Experience has taught us that chemotherapy is the best first step. Years ago surgery was tried first, but patients experienced very unpleasant re-growth of the cancer in the chest wall scar line. Chemotherapy cannot penetrate this scar tissue very well; giving the chemotherapy first avoids this problem. Also, chemotherapy is the most important treatment for inflammatory breast cancer. If the cancer is vulnerable to chemotherapy, then cure is possible, and the doctors and patient know that surgery and radiation should follow chemotherapy. If the cancer does not shrink (respond) to chemotherapy, then cure is much less likely. Surgery may not be possible at all because the wounds do not heal well if a large amount of cancer is present in the skin and breast at the time of surgery.
The best result after chemotherapy is that all the cancer disappears. The scans become normal and the red, swollen breast returns to a normal appearance. If this happens, then surgery (mastectomy) is the next step; this surgery is usually combined with removal of lymph nodes from the armpit (axillary lymph node dissection).
If all the cancer disappears after chemotherapy, why remove the breast? We know from experience that invisibly small amounts of cancer almost always remain in the breast, even if it appears all the cancer has disappeared. Surgery helps remove much or all of this residual cancer and greatly improves the cure rate.
After chemotherapy and surgery, radiation therapy is almost always added as the final treatment. Again, even if all the cancer has disappeared after chemotherapy and surgery, experience shows that invisibly small amounts of cancer can be left behind after chemotherapy and surgery. This cancer can grow back (recur) in the chest wall scar area, or in the skin, or in the lymph node areas. Radiation therapy can sterilize these remaining cancer cells and prevent these recurrences. Radiation therapy improves the cure rate for inflammatory breast cancer.
Inflammatory breast cancer recurrence
Illustration: A photo of inflammatory breast cancer
that grew back in the scar area after mastectomy.

These are very difficult problems to treat and are best prevented with radiation therapy after chemotherapy and surgery.

Inflammatory breast cancer may have spread to other organs by the time it is diagnosed

. It is then called

metastatic inflammatory breast cancer

. Patients are often treated with the same approach: chemotherapy, surgery and radiation therapy.
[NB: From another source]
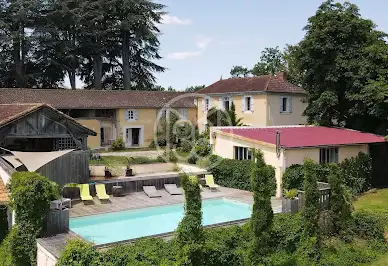 Propriété avec piscine 1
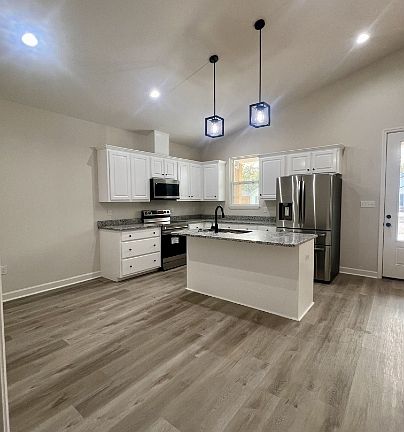 4th image of 17 Lm St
Metastatic inflammatory breast cancer may be controlled with this treatment for a long time, but cure for patients with metastatic inflammatory breast cancer remains a challenge.

Summary of Inflammatory Breast Cancer

Inflammatory breast cancer is a type of advanced breast cancer in which the breast appears red and swollen due to plugging of skin lymph channels by breast cancer cells. It may or may not have spread to nearby lymph nodes or beyond the breast to other organs.
Inflammatory breast cancer that is confined to the breast and lymph nodes (it has not spread to other organs) is potentially curable. Treatment for such cases typically includes chemotherapy first, then surgical removal of the breast, and then radiation therapy to the chest area. Inflammatory breast cancer that has spread beyond the lymph nodes to other organs may be treated the same way, but cure remains a challenge in these patients.